Tom Salinsky is a writer, podcaster and corporate coach living in London with his wife and too many cats. With Deborah Frances-White, he is the author of The Improv Handbook (Methuen Drama, 2008). With Robert Khan he is the author of five plays and many audio dramas for Big Finish. With his podcast colleagues John Dorney and Jessica Regan, he is the author of Best Pick: A Journey Through Film History and the Academy Awards (Rowman & Littlefield, 2022). As a solo author, he has published Star Trek: Discovering the Television Series (Pen & Sword, 2024), the second volume of which is due for release in 2025. His latest title is Red Dwarf: Discovering the TV Series.
Why science fiction?
I’m sure there are countless theories about why awkward teens gravitate towards science fiction and fantasy, but everyone likes a bit of escapism. And if your ordinary life is dull or scary or isolating or confusing, then you may well be drawn to escapism which is set in a world as unlike your ordinary life as possible. Ordinary well-adjusted young people can read bodice-ripper romances, watch mystery shows or enjoy comedy movies. But if there’s a secret world which you know the rules to and other people don’t, then there’s a power in that. Plus, you can make lists.
I wasn’t quite in the bullseye of that description, but as a child I was a voracious reader and I included a healthy dose of science fiction along with classic authors like Robert Louis Stevenson, Lewis Carroll, Arthur Ransome, Conan Doyle and PG Wodehouse. Then alternative comedy hit our TV screens, and I became obsessed with The Young Ones and Fry and Laurie. Red Dwarf captured all of my tastes in one package.
Why this book?
This book grew out of another obsession, which itself grew out of a previous one. Having recently completed a podcast series in which two friends and I watched every movie which had won Best Picture at the Academy Awards, I was contemplating another project and it occurred to me to wonder how much Star Trek I had seen. When I realised I could watch everything from the original series to Star Trek: Enterprise in just two years if I watched an episode a day, I decided to blog my progress. The blog became a book and when the publishers asked what else I had, I began to wonder how much Red Dwarf I’d seen. I drifted away from it in the late nineties, and I didn’t think I’d watched all of the recent Dave shows. And once again, if you aren’t obsessively cataloguing your progress, what are you even doing?
Why do you think so little SF humour works well on screen? (I can only really think of Red Dwarf and Galaxy Quest…)
It’s a weird blend of tones, and they’re both verbal/conceptual.
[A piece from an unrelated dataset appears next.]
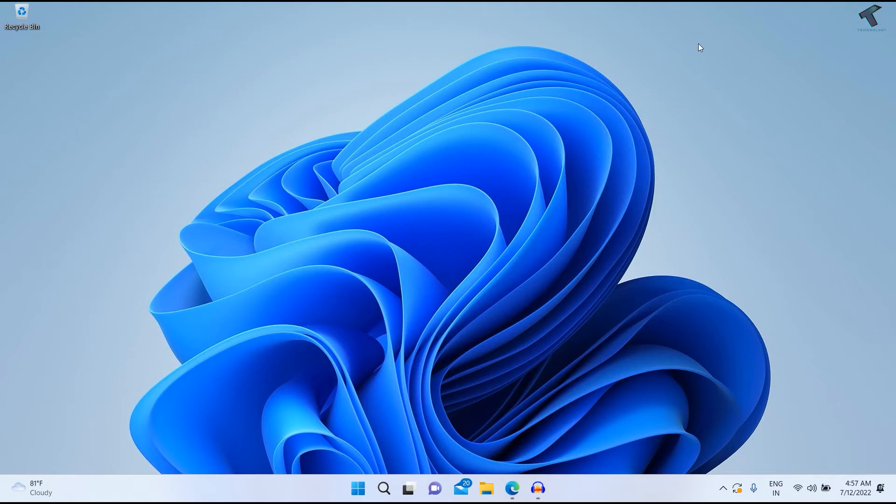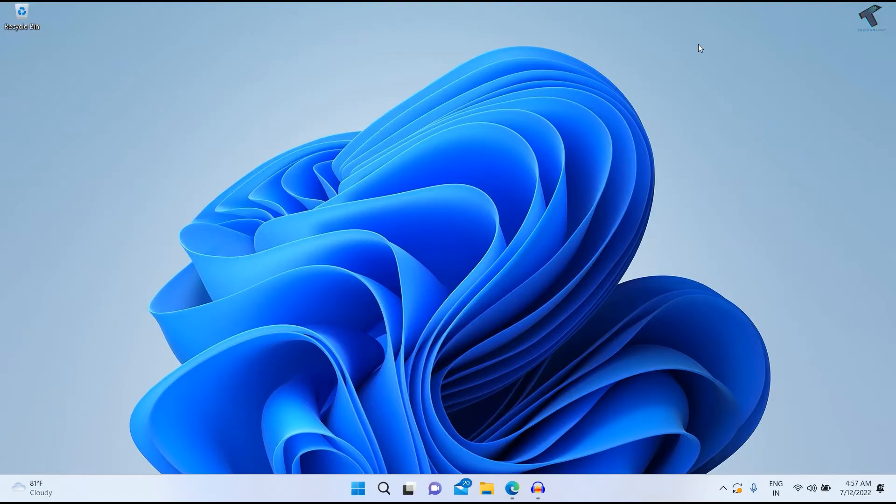Hey guys, welcome back to my channel Treknology. Today in this video tutorial I will show you how to fix all app freezing problems in your Windows 11 PC or laptop. Just follow me.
Horror comedy works well because the horror part is visual and the comedy part is verbal (as a general rule) so you can dial both of them way up if you want and have something as insanely silly and gleefully gory as Evil Dead II. But the thing that makes Isaac Asimov stories compelling occupies the same space as what makes PG Wodehouse stories funny – especially when you take prose away in the move to the small screen. So, there is a bit more funny sci-fi and fantasy in prose form. The Hitchhikers Guide to the Galaxy works best in prose, so do Terry Pratchett and (more obscurely) Robert Sheckley.
That having been said, if you’re hungry for a bit of on-screen science fiction humour, here are a few more to add to your list. On TV: Star Trek Lower Decks, Futurama, Rick and Morty, Mork and Mindy, 3rd Rock from the Sun, My Parents Are Aliens, The Orville, Avenue 5. And on the big screen: Back to the Future, Bill and Ted, Men in Black, Ghostbusters, Hot Tub Time Machine and of course, the one which inspired Rob Grant and Doug Naylor to create Red Dwarf: Dark Star. [Ed. My list was of SF humour that works on screen - many of these didn't work for me (while some are arguably fantasy). Ironically, despite loving Red Dwarf, I found Dark Star painfully unfunny - but that's the trouble with sense of humour...]
What’s next?
I have a play called The Gang of Three coming to the Kings Head in Islington about the British Labour Party in the 1970s, and the show I produced at the Edinburgh Fringe, 16 Postcodes, is going on tour.
What’s exciting you at the moment?
I can’t wait for the return of Saturday Night Live which has been off the air during one of the most bonkers American summers I can remember. Speaking of long-running shows, it’s also going to be going into its 50th year, which is amazing.